I did this in my original few posts.

I would accept your scepticism if it came with you acknowledging realities and your did a projection with explanation. No one persons view is correct, and even my view is a hypothetical projection on the way things are going. They may not play out the way I project.
maxdancona
 
  0  
Reply Fri 23 Oct, 2020 06:25 pm
@vikorr,
I just reread your posts.

Even assuming that the government has all of the capabilities you outline, you don't explain how the government would use these capabilities to significantly change the current struggle with subversive groups
maxdancona
 
  0  
Reply Fri 23 Oct, 2020 06:30 pm
You would like to think that we could use magic AI software to eliminate terrorists, or child pornographers, or meth dealers....

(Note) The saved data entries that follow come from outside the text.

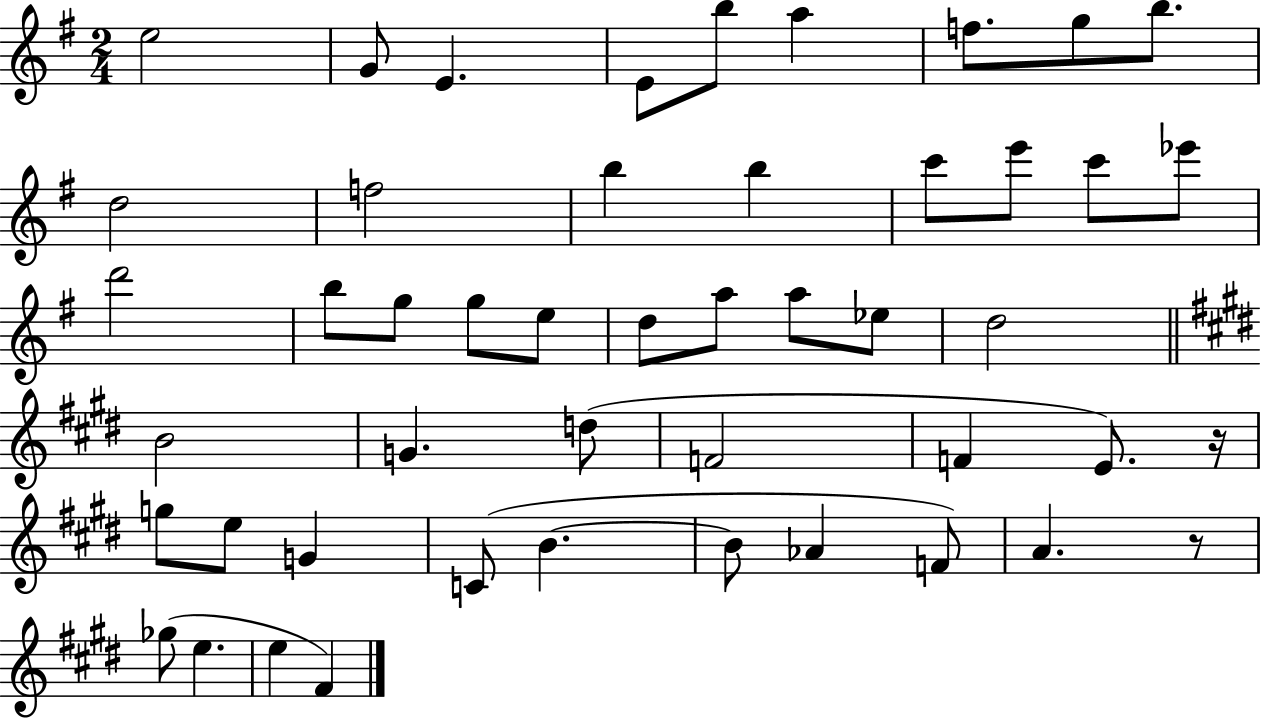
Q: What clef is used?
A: treble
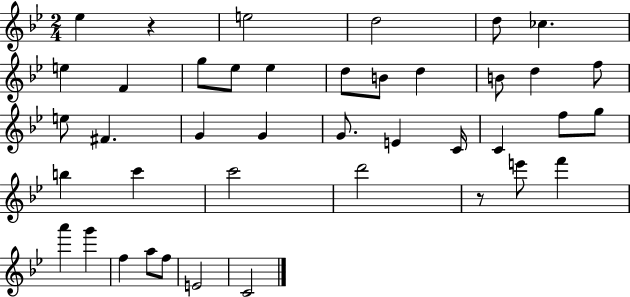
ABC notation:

X:1
T:Untitled
M:2/4
L:1/4
K:Bb
_e z e2 d2 d/2 _c e F g/2 _e/2 _e d/2 B/2 d B/2 d f/2 e/2 ^F G G G/2 E C/4 C f/2 g/2 b c' c'2 d'2 z/2 e'/2 f' a' g' f a/2 f/2 E2 C2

It doesn't work that way. Human beings are complex and resourceful. All of the computerized technology in the world doesn't fix that.
0 Replies
 
roger
 
  1  
Reply Fri 23 Oct, 2020 06:31 pm
@maxdancona,
maxdancona wrote:

I am skeptical there will be any significant impact on a government's ability to deal with subversives.

So, what's the counterbalancing benefit to our declining privacy?
maxdancona
 
  0  
Reply Fri 23 Oct, 2020 06:46 pm
@roger,
roger wrote:

maxdancona wrote:

I am skeptical there will be any significant impact on a government's ability to deal with subversives.

So, what's the counterbalancing benefit to our declining privacy?


Just for the record... I am not against privacy (well, I am a moderate with a complex range of opinions). What I am pushing back on here is what I see as a one-sided attack on technology that exaggerates the capabilities and their effects.

Specific benefits to "declining" privacy include...

1) The credit rating system is a bedrock of our economy (and the reason our interest rates are far lower than in developing countries).

2) We make connection in dating sites and social media.

3) We get free media... we don't pay the rather sophisticated software systems we use from email to mapping software.

4) In return, American businesses get targeted access to customers who will likely buy their products.

5) Facial recognition is making my trip through TSA quicker... I step up to the camera and I am through. My son unlocks his phone by looking at it.

6) My town has a car that collects traffic fines by driving a camera equipped car passed parked cars. It collects money for my town with fewer city employees.

There are probably hundreds of these. Most of the "declining privacy" is consensual. No one is forcing you to use Facebook.

If you want me to list more, maybe you can suggest the way that privacy is declining and I will tell you the societal benefit.
maxdancona
 
  0  
Reply Fri 23 Oct, 2020 06:48 pm
@roger,
I ended a relationship a couple of years back. I started a new relationship recently.

Google can now use facial recognition to find me all of the photos of my old girlfriend. I was really impressed with this capability (which could be useful if I wanted to avoid any awkward discussions with my new girlfriend).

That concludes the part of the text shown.